Moving through “I Want You (She’s So Heavy)” with your partner, though, is more rough and tumble —like a scene from the most torrid love affair.
And “Light Rain,” well, “you’ve never seen anything like it,” says Heather Wallace, one of the 21 ballet dancers soon to arrive here.
The Eugene Ballet Company brings an evening of highly unusual dance in “All You Need Is Love,” a Beatles-and-then-some ballet at the Port Angeles High School auditorium, 304 E. Park Ave., this Sunday.
The 4 p.m. performance will travel through the Beatles’ songbook, from the “White Album” to “Abbey Road” and beyond, from “A Day in the Life” and “Blackbird” to “Let’s Do It in the Road” and “Across the Universe.”
“Love” also will take steps outside the Fab Four’s catalog, into a classical piece, the “Black Swan” pas de deux. Then there will come a comical work, “Channel Surfing,” a rapid-fire survey of 40 kinds of sport.

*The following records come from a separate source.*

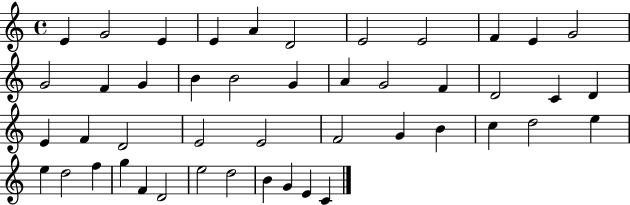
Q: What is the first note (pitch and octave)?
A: E4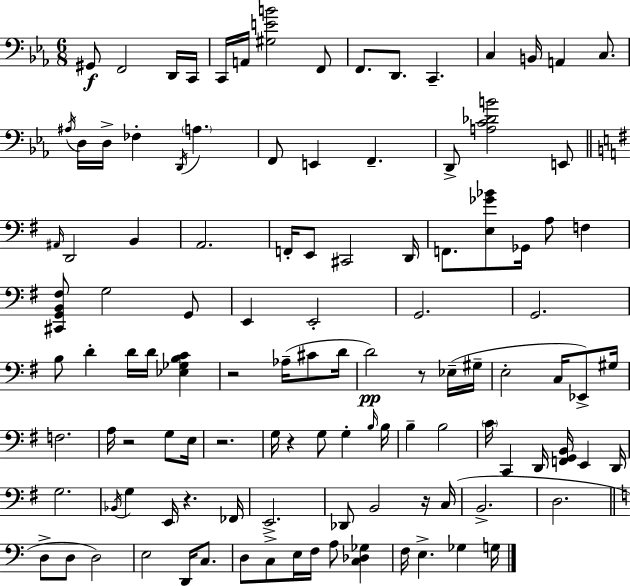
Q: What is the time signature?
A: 6/8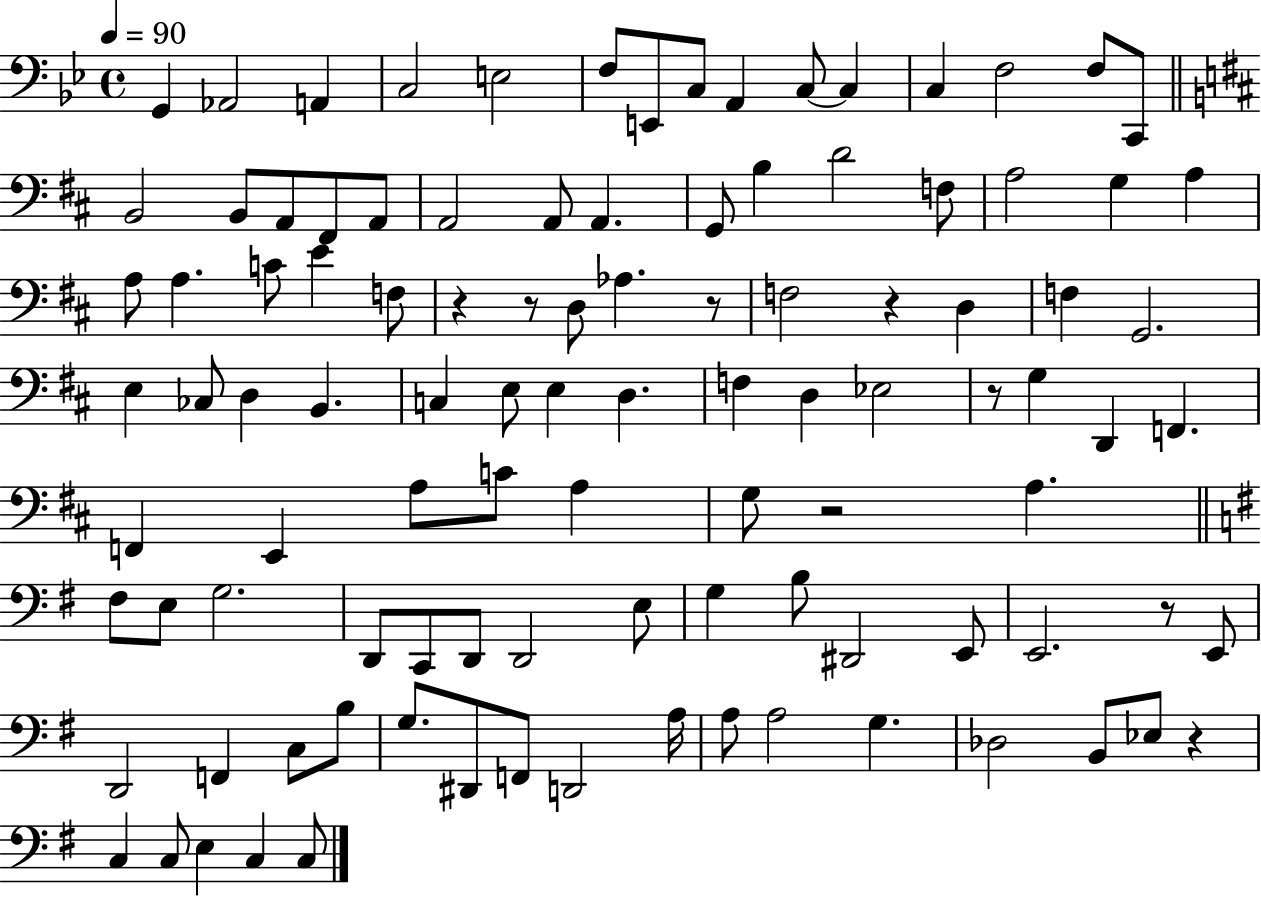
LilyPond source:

{
  \clef bass
  \time 4/4
  \defaultTimeSignature
  \key bes \major
  \tempo 4 = 90
  \repeat volta 2 { g,4 aes,2 a,4 | c2 e2 | f8 e,8 c8 a,4 c8~~ c4 | c4 f2 f8 c,8 | \break \bar "||" \break \key b \minor b,2 b,8 a,8 fis,8 a,8 | a,2 a,8 a,4. | g,8 b4 d'2 f8 | a2 g4 a4 | \break a8 a4. c'8 e'4 f8 | r4 r8 d8 aes4. r8 | f2 r4 d4 | f4 g,2. | \break e4 ces8 d4 b,4. | c4 e8 e4 d4. | f4 d4 ees2 | r8 g4 d,4 f,4. | \break f,4 e,4 a8 c'8 a4 | g8 r2 a4. | \bar "||" \break \key e \minor fis8 e8 g2. | d,8 c,8 d,8 d,2 e8 | g4 b8 dis,2 e,8 | e,2. r8 e,8 | \break d,2 f,4 c8 b8 | g8. dis,8 f,8 d,2 a16 | a8 a2 g4. | des2 b,8 ees8 r4 | \break c4 c8 e4 c4 c8 | } \bar "|."
}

“Light Rain” a contemporary piece choreographed by Gerald Arpino, is also on the program. It has a way of electrifying audiences, Wallace said. “We’ve actually heard people gasp at the end,” the dancer said of “Rain.”
Much to her delight, she has heard people exclaim, “Oh, my,” as the dancers moved off stage.

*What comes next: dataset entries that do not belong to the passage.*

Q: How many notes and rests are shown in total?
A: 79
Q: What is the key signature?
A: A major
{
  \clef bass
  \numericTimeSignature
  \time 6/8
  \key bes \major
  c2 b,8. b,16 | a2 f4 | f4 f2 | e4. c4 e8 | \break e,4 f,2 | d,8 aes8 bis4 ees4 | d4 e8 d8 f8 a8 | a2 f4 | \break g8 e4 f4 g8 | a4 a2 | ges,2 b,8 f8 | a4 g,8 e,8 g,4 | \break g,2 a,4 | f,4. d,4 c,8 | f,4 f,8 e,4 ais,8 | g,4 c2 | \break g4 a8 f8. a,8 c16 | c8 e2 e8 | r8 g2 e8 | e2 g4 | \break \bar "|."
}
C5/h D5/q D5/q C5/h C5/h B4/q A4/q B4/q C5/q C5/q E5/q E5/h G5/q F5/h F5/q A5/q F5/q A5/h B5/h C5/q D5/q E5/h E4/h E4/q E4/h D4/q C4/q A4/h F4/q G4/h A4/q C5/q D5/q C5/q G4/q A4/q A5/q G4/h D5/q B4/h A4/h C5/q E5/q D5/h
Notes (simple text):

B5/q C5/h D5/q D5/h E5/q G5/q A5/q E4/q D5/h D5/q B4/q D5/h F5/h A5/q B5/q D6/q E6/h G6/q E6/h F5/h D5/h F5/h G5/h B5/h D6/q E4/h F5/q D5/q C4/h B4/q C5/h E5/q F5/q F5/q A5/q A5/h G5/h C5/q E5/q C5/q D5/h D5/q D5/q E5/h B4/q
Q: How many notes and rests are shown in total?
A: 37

With “All You Need Is Love,” the Eugene Ballet company members seek to enchant not only those who regularly go to the ballet, but also those who love popular music.

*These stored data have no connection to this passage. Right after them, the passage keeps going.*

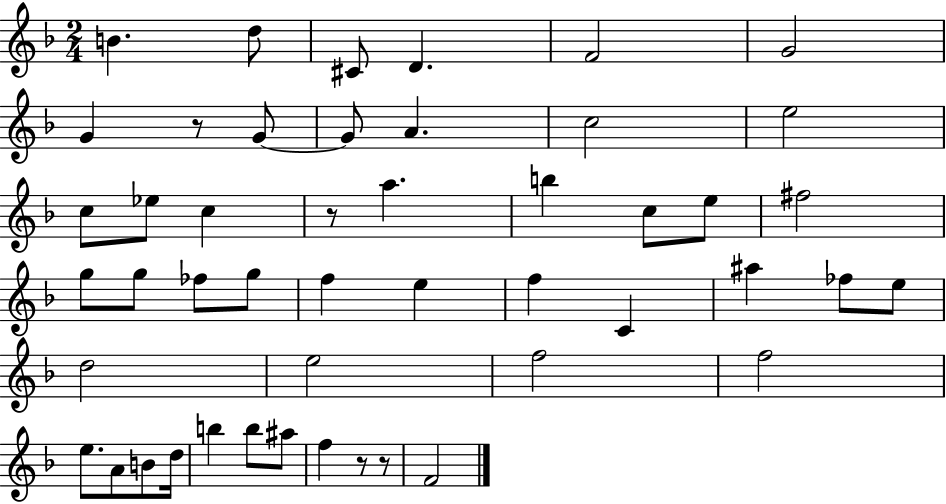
{
  \clef treble
  \numericTimeSignature
  \time 2/4
  \key f \major
  \repeat volta 2 { b'4. d''8 | cis'8 d'4. | f'2 | g'2 | \break g'4 r8 g'8~~ | g'8 a'4. | c''2 | e''2 | \break c''8 ees''8 c''4 | r8 a''4. | b''4 c''8 e''8 | fis''2 | \break g''8 g''8 fes''8 g''8 | f''4 e''4 | f''4 c'4 | ais''4 fes''8 e''8 | \break d''2 | e''2 | f''2 | f''2 | \break e''8. a'8 b'8 d''16 | b''4 b''8 ais''8 | f''4 r8 r8 | f'2 | \break } \bar "|."
}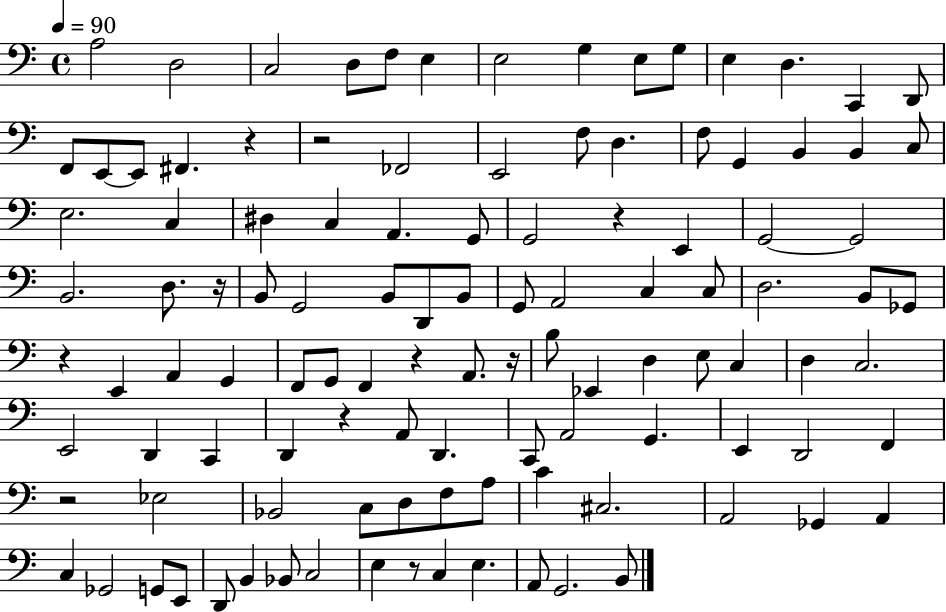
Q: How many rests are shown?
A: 10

In addition to classics such as “Swan Lake,” the company has performed with the Portland, Ore., band Pink Martini and created a piece with Pink Floyd’s “Dark Side of the Moon” music.
The Juan de Fuca Festival of the Arts is hosting the Eugene Ballet, which presented “Romeo and Juliet” here in October 2011. Tickets to “All You Need Is Love” are $20 to $25 for adults and $14 to $19 for youths age 12 and younger at www.JFFA.org; Port Book and News, 104 E. First St. in Port Angeles; and Pacific Mist Books, 121 W. Washington St. in Sequim.
Toni Pimble, the company cofounder who choreographed “Love,” grew up with the Beatles. She was born in England, 30 miles outside London and remembers discovering, and then following, the evolution of the four lads from Liverpool.
Like the Beatles’ music, many of “Love’s” dances “are just fun,” Pimble said. Others reflect the history the Beatles explored, from the loneliness that followed the carnage of World War II in “Eleanor Rigby” to the civil rights struggle in “Blackbird.”
“Love” starts out with the strains of “Sgt. Pepper’s Lonely Hearts Club Band,” with dancers portraying John Lennon, Paul McCartney, George Harrison and Ringo Starr. Soon, “A Day in the Life” dawns, and the dancers are off on the Beatles’ creative journey.
“We have nine men in the [ballet] company,” Pimble noted, “and they certainly get a workout” in “Love.”
In addition, eight of the men dance in the 11-minute “Channel Surfing” piece, evoking dozens of athletic events to music by Michael Torke.
“We reference the different sports very, very quickly,” Pimble said. Often, the audience recognizes the various events just as the dancers exit. “They get it, and they laugh a lot.”
Such laughter and applause are all welcome all the time, added Wallace. With the music in “Love,” she said, “it’s a different energy. Even with the serious pieces, there’s that backbeat going.”
No stiff tutus nor attitudes required for this outing, Wallace added.
“Ballet should be enjoyable,” she declared, “for everybody.”